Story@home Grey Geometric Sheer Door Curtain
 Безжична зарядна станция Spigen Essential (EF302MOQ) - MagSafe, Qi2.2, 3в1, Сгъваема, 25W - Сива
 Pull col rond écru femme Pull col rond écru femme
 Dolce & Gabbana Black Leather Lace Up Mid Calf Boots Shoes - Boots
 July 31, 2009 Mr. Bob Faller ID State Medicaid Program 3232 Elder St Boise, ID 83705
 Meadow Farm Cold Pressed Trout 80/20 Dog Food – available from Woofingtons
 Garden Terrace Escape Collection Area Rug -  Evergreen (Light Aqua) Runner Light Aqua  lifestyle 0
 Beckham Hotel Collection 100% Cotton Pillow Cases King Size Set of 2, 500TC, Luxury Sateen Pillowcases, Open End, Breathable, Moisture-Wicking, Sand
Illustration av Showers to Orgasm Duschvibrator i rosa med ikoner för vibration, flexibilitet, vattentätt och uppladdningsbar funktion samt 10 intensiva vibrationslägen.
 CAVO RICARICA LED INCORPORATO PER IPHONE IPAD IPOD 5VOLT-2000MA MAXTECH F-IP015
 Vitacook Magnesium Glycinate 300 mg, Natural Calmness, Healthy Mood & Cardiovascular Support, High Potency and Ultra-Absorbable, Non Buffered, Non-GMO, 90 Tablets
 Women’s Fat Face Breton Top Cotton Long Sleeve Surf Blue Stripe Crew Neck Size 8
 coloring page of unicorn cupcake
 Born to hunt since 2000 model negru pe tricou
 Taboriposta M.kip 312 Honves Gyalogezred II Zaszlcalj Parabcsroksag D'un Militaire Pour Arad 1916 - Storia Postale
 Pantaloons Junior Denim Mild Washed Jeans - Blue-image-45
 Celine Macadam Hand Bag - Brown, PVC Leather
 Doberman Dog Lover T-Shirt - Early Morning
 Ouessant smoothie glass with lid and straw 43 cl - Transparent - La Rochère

====

Instructions to follow -
Exactly the lines from the one containing "Doberman Dog Lover T-Shirt - Early Morning" through the final line of the records above are needed, copied word for word.

Completed exercise -
 Doberman Dog Lover T-Shirt - Early Morning
 Ouessant smoothie glass with lid and straw 43 cl - Transparent - La Rochère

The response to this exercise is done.